Evaluating Systematic Dependencies of Type Ia Supernovae: The Influence of Deflagration to Detonation Density

TL;DR

This study investigates how the transition density from deflagration to detonation affects Ni-56 production in Type Ia supernovae, revealing a quadratic relationship and metallicity dependence, using controlled 2D simulations.

Contribution

It introduces a detailed statistical framework with realistic progenitor models to quantify how DDT density influences Ni-56 yields in supernova simulations.

Findings

NSE yield depends quadratically on log of transition density.

Higher metallicity decreases Ni-56 yield by about 0.067 solar masses.

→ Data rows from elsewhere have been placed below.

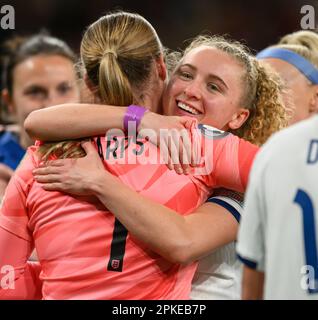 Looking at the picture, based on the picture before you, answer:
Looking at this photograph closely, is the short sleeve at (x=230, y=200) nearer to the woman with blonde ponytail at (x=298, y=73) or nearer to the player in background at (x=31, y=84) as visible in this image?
the woman with blonde ponytail at (x=298, y=73)

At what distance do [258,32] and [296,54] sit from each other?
320cm

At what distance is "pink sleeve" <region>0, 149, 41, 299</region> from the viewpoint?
195 cm

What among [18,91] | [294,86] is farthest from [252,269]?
[18,91]

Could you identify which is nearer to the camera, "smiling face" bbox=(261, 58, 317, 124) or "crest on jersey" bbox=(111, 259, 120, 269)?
"crest on jersey" bbox=(111, 259, 120, 269)

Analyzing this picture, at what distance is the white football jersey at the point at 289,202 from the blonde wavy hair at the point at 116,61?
2.22 ft

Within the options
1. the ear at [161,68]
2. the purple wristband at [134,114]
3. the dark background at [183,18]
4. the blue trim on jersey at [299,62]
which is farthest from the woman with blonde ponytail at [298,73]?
the dark background at [183,18]

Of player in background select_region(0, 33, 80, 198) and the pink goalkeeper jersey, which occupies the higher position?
player in background select_region(0, 33, 80, 198)

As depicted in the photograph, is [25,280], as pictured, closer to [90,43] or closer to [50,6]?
[90,43]

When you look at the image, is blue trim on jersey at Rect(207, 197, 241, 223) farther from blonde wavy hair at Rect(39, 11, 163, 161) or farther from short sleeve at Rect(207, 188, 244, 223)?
blonde wavy hair at Rect(39, 11, 163, 161)

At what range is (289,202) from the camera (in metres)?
1.30

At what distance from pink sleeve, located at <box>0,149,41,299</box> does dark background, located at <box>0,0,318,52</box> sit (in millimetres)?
4317

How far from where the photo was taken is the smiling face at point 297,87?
3.09 m

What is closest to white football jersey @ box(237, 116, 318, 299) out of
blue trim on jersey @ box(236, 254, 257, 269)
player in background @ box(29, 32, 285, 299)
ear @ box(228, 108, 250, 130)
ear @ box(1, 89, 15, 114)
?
blue trim on jersey @ box(236, 254, 257, 269)

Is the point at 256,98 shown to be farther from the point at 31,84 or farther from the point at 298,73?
the point at 31,84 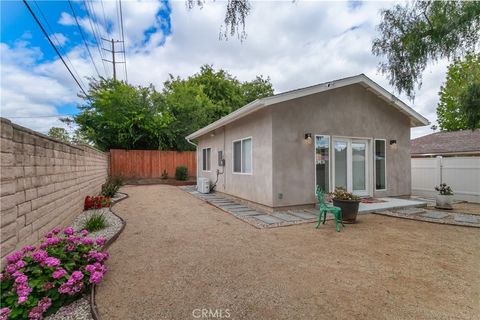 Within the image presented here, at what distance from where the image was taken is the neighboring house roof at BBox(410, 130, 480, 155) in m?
11.4

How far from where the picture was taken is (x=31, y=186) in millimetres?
3084

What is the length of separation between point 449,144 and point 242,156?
12536 millimetres

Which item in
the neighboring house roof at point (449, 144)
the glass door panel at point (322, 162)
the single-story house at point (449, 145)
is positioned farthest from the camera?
the neighboring house roof at point (449, 144)

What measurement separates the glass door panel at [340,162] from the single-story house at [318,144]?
31 millimetres

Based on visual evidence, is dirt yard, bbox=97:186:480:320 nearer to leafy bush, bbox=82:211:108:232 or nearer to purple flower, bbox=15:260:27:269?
leafy bush, bbox=82:211:108:232

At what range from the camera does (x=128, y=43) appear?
968 centimetres

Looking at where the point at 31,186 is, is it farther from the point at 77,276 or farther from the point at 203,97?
the point at 203,97

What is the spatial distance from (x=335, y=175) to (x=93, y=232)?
640 centimetres

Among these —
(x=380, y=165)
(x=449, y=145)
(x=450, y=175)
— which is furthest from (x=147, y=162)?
(x=449, y=145)

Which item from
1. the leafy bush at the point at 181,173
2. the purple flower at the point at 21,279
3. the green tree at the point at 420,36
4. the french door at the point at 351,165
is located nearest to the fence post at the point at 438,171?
the french door at the point at 351,165

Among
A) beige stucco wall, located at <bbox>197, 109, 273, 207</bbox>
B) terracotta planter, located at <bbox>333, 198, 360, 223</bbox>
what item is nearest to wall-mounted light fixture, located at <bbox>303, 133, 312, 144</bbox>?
beige stucco wall, located at <bbox>197, 109, 273, 207</bbox>

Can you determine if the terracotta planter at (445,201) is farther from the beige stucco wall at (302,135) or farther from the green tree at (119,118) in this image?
the green tree at (119,118)

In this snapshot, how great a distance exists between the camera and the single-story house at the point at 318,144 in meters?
6.24

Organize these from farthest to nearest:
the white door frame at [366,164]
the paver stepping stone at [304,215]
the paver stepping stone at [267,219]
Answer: the white door frame at [366,164], the paver stepping stone at [304,215], the paver stepping stone at [267,219] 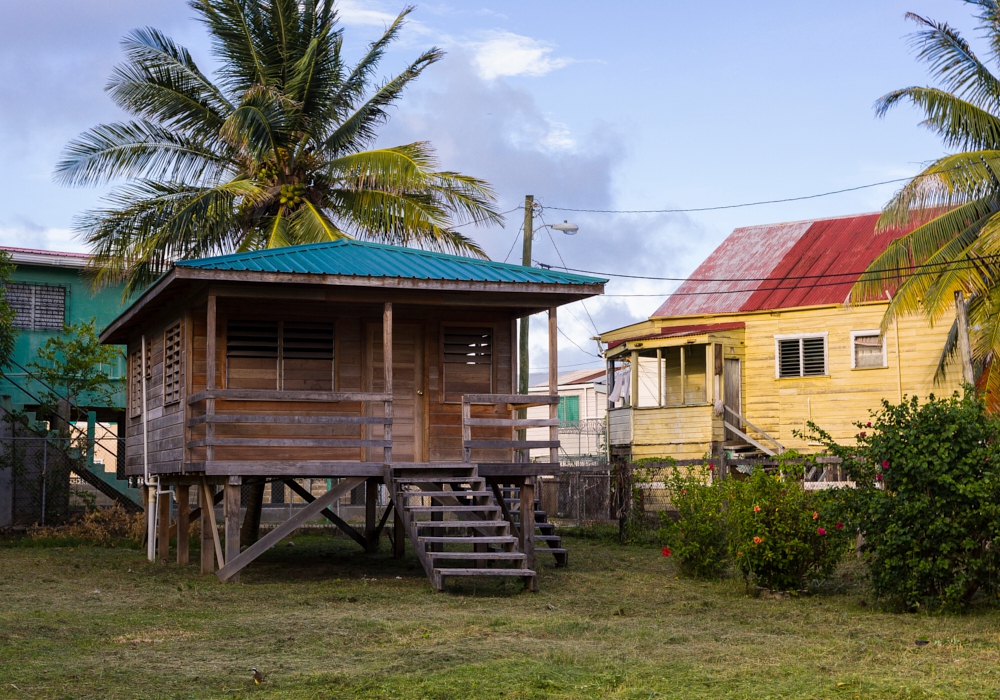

The metallicity effect on yield is comparable to initial composition variations.

Abstract

We explore the effects of the deflagration to detonation transition (DDT) density on the production of Ni-56 in thermonuclear supernova explosions (type Ia supernovae). Within the DDT paradigm, the transition density sets the amount of expansion during the deflagration phase of the explosion and therefore the amount of nuclear statistical equilibrium (NSE) material produced. We employ a theoretical framework for a well-controlled statistical study of two-dimensional simulations of thermonuclear supernovae with randomized initial conditions that can, with a particular choice of transition density, produce a similar average and range of Ni-56 masses to those inferred from observations. Within this framework, we utilize a more realistic "simmered" white dwarf progenitor model with a flame model and energetics scheme to calculate the amount of Ni-56 and NSE material synthesized for a suite of simulated explosions in which the transition density is varied in the range 1-3x10^7 g/cc. We find a quadratic dependence of the NSE yield on the log of the transition density, which is determined by the competition between plume rise and stellar expansion. By considering the effect of metallicity on the transition density, we find the NSE yield decreases by 0.055 +/- 0.004 solar masses for a 1 solar metallicity increase evaluated about solar metallicity. For the same change in metallicity, this result translates to a 0.067 +/- 0.004 solar mass decrease in the Ni-56 yield, slightly stronger than that due to the variation in electron fraction from the initial composition. Observations testing the dependence of the yield on metallicity remain somewhat ambiguous, but the dependence we find is comparable to that inferred from some studies.